Seketika panggilan mati secara sepihak.

Jimin menahan emosi yang rasanya ingin meluap sebab pertolongan satu-satunya tak mau membantu. Tangannya terkepal sembari pikirkan cara lain untuk bisa mendapat kabar dari sang kekasih.

"Sayang?"

"Ya, Sayang."

"Sedang bertelepon, dengan siapa?"

"Taehyung."

"Ah, astaga. Bukankah di sana masih dini hari?" Raut tanya sang isteri kini terlihat jelas saat tubuh ramping itu mendekat dengan baju tidur satin berwarna peach dan handuk yang melilit di kepala. Melepaskan lilitan itu dan melempar handuknya sembarang ke sebuah sofa berwarna emas.

"I-iya. Sepertinya dia belum tidur karena bekerja. Kami bercakap sebentar."

Beruntung Jimin menggunakan alasan yang masuk diakal. Pun fakta seperti itu benar pernah terjadi.

"Hmm—masih tak berubah rupanya pria kaku yang satu itu. Kuharap dia segera mendapat jodoh." Yuri tersenyum, manis sekali sembari sekarang berdiri tepat di sebelah suaminya. Memaku pemandangan menara Eiffel yang katanya mampu memberikan sihir cinta dan seketika rasa yang berada di dalam dadanya membuncah.

Perasaan teriris menyempil di antara buncahan itu, menatap Jimin dari sisi samping dan tersenyum miris—lalu menutupi itu dengan tangan yang naik membelai pipi sang suami.

Benarkah Jimin tak akan pernah bisa menatapnya?

Benarkah Jimin tak akan pernah bisa berada terus di sisinya?

Yuri lantas membawa turun tangannya dari pipi Jimin. Bergerak lembut ke belakang—arah punggung, mendekatkan kepalanya ke dada pria Park itu sampai menempel. Mendengarkan debaran jantung dari sosok yang begitu ia puja.
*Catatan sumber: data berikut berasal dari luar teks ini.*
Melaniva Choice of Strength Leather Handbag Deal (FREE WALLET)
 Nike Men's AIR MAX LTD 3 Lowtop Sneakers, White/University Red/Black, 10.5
Hangat, rasanya begitu hangat.

Ia menyukai ketika mereka berada di Paris. Waktu Jimin sepenuhnya hanya untuknya, berada di sisinya nyaris sepanjang waktu. Sejak bangun tidur hingga akan terlelap kembali. Jimin tak pernah berada di luar jangkauannya.

Mereka nyaris tak pernah bertengkar, berbeda seperti di Seoul dimana mereka sering terlibat konflik meski hanya karena masalah yang begitu kecil. Tentu karena pada perjalanan kali ini gadis itu banyak menekan ego sendiri. Lebih kalem—jauh lebih kalem dan memberi perhatian yang begitu banyak pada Jimin. Menuruti hampir seluruh keinginan lelaki itu. Menanyakan seluruh hal yang bisa ia lakukan sampai hal terkecil bahkan memijit kakinya setelah mereka berdua kembali ke hotel.

Hal yang baru bagi pasangan itu.

Masih dalam posisi yang sama—dimana kepalanya menempel pada dada bidang Jimin, Yuri tersenyum tanpa Jimin bisa melihatnya.

Tadi malam, skenarionya berjalan begitu sempurna. Mereka sedang berhubungan suami istri setelah tipsy sehabis pulang menikmati anggur merah di sebuah bar di kota romantis itu. Dirinya sengaja menyalakan panggilan dari ponsel suaminya ke sebuah nomor asing yang sudah ia tahu jelas siapa pemiliknya. Persis saat Pria Park—suami kesayangannya itu tengah menghentak dan desahan mereka berdua bersahutan, lalu Jimin menyebutkan namanya dan begitu pula sebaliknya. Tentu malam yang begitu panas. Hatinya puas ketika panggilan dimatikan sepihak. Bahkan ia tak kesulitan untuk menghapus panggilan keluar sebab sang suami langsung pulas terlelap dengan tubuh telanjang sehabis menggagahinya.

Di sisi lain, ia teringat pada seseorang yang berhasil memecah fokusnya beberapa saat ke belakang. Kim Taehyung—pria yang ia cium tanpa sebab di malam sebelum kepergiannya ke Paris. Pipinya entah mengapa tiba-tiba panas mengingat kembali pernyataan bahwa pria itu menyukainya sekian lama.